1. The surfaces of 1 + 3 mock rib and 1 + 1 mock rib fabrics have convex structures, while the bulge formed by 1 + 1 mock rib is smaller, which makes the area where hyaluronic acid viscose fiber can contact the skin larger. Therefore, hyaluronic acid can play a better moisturizing role in the structure of 1 + 1 mock rib.

2. Compared with weft plain stitch fabric, 1 + 1 mock rib fabric is thicker and has stronger thermal insulation performance, so the heat loss of the human body is slower, and the skin can sweat more easily, so as to form a water film between the surface of the human skin and the fabric, which has the effect of water retention.

3. In terms of structure, the order of the influence of fabric on the moisturizing performance of human skin from large to small is 1 + 1 mock rib fabric > weft plain stitch fabric > 1 + 3 mock rib fabric.

4. Hyaluronic acid has a good moisturizing effect on the skin. Water molecules are locked in its double-helix columnar structure through the hydrogen bonds in hyaluronic acid molecules, so that water is not easily lost. Therefore, when the interweaving ratio of hyaluronic acid viscose fiber is reduced, the moisturizing effect of its fabric on the skin is also reduced.
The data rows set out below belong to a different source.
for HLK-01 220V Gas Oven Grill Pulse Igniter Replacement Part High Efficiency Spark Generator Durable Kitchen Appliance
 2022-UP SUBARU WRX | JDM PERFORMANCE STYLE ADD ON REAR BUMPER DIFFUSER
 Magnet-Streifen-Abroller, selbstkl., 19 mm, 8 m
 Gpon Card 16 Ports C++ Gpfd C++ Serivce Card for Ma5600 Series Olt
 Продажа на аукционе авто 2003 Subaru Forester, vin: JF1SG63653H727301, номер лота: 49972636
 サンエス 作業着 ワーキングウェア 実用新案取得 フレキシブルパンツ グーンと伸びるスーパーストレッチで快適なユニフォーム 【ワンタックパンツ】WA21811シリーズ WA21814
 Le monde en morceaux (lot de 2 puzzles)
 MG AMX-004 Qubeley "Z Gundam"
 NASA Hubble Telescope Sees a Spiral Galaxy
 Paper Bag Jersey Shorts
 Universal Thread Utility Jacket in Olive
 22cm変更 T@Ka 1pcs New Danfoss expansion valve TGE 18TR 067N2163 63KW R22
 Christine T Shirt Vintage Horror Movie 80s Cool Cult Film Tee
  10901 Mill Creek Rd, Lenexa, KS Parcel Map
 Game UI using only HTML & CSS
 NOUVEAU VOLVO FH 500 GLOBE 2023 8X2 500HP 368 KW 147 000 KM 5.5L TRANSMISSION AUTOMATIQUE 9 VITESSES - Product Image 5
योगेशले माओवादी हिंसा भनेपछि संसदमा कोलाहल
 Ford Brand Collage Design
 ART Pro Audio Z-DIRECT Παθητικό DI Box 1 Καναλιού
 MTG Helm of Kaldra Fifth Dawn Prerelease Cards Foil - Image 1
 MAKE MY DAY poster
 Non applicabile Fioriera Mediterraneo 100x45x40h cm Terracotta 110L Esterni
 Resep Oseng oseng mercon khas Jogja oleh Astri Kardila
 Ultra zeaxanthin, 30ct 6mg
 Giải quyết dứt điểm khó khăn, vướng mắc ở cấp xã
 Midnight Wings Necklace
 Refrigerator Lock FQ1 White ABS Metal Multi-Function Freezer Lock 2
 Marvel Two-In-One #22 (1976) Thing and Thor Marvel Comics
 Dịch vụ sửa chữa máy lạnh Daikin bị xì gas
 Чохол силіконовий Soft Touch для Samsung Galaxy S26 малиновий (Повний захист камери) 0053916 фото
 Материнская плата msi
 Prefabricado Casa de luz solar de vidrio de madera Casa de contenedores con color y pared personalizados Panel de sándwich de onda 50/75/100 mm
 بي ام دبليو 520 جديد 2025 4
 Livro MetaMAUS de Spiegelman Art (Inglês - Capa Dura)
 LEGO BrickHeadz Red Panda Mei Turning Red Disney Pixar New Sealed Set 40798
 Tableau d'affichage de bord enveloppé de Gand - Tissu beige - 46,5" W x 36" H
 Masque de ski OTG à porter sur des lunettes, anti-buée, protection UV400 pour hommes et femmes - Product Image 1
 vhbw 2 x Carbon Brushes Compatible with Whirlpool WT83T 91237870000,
5. Compared with nylon fabric, viscose fabric has good moisture absorption and a better moisturizing effect on human skin.

6. In terms of the use of raw materials, the order of the influence of fabrics on the moisturizing performance of human skin is hyaluronic acid viscose fiber/graphene viscose fiber fabric (100:0 > 75:25 > 50:50 > 25:75) > viscose fabric > nylon fabric.

7. In 18 samples, the fabric formed by 1 + 1 mock rib and hyaluronic acid viscose fiber/graphene viscose fiber (100:0) had the best moisturizing effect on skin. In the experiment of skin trans-epidermal water loss, the structure and raw materials used in the fabric both had little effect on the test results.